Perhaps Rilke would have been receptive to such an idea; Rodin would not have been. He did not feel indebted to the world or its problems; they had little influence on his craft. When he implored Rilke to "work, always work," he also meant to steer the poet away from all supposedly extraneous matters. Yet Rilke's immersion in Rodin's life allowed him a window into the sculptor's contradictions. As Corbett notes: "By 1905, Rodin's studio in Paris was starting to look more like a brothel than a workshop." Nude models laid about or pranced around his atelier, drawn to Rodin "as a Pygmalion figure whose great hands could mold and reshape them." This was embarrassing to Rilke. "Once the Apollonian intellectual, impervious to temptation, Rodin had degenerated into the Dionysian hedonist, ruled by the body."
Yet Rilke tolerated it, until he was no longer offered the opportunity to do so. In April 1906, less than a year after he began working for Rodin, he was fired for liaising with a client that Rodin felt he should have been in touch with personally. "For Rilke," Corbett writes, "exile from Rodin was more than merely hurtful. It also cut short the crucial progress he was making as an artist. He felt like a grapevine pruned at the wrong time, and 'what should have been a mouth has become a wound.'"

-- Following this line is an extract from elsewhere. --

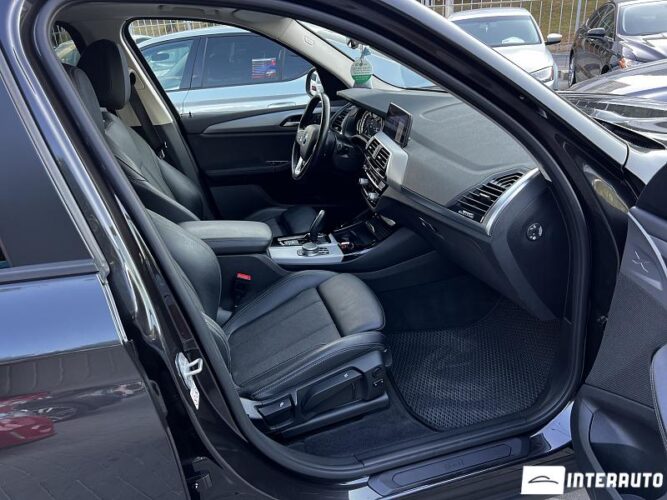 BMW X3 2.0D 48 interauto-car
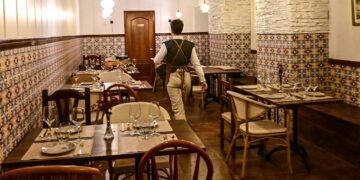 Restaurante en Cádiz listo para otra jornada / FOTO: Eulogio García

By then, although Rilke did not know it yet, he had absorbed all he needed from Rodin, and the two shifted back onto separate tracks. The poet remained enthralled of his master and they stayed in touch intermittently, but the apprenticeship was over. Rilke travelled and read and wrote. He took his time and considered what he may have learned, and the lesson came slowly. "His mistake," Corbett shrewdly writes towards the end of her book, "was failing to grasp that Rodin could never tell Rilke how to live. The best any master could do was encourage their pupil and hope they find satisfaction in the work itself. In art, Rilke had started to realize, there was never anything waiting on the other side: There was no god, no secret revealed, and in most cases no reward. There was only the doing."
The truest sign of one writer's empathy for another is a respect for the inwardness of process, which always resists biographical light. Yes, a writer's stated ambitions and relationships and letters to friends and lovers can be revelatory. But these alone cannot ever fully uncover the obscure process of creation. Where does inspiration come from? Corbett looks into life as deeply as is possible for answers, but she knows when to stop. This is the hallmark of her moral intelligence. There is always a point at which the connections between art and life are only apparent; at this place, the relationship between the two fizzles away. Corbett knows this. Rilke knew it too, but it took him years to draw this lesson from Rodin. He tried to see what life should be by looking at Rodin's world, but that world remained, in the end, fugitive to Rilke. Later, the poet came to understand that even his own thoughts would remain somewhat elusive. In 1903, he advised the young poet Kappus to look within, but what did Rilke find when he took his own advice? "I'm learning to see," he wrote in his 1910 semi-autobiographical novel The Notebooks of Malte Laurids Brigge. "I don't know what it's about, but everything is registering in me at a deeper level and doesn't stop where it used to. There's a place within me that I wasn't aware of. What's going on there I don't know."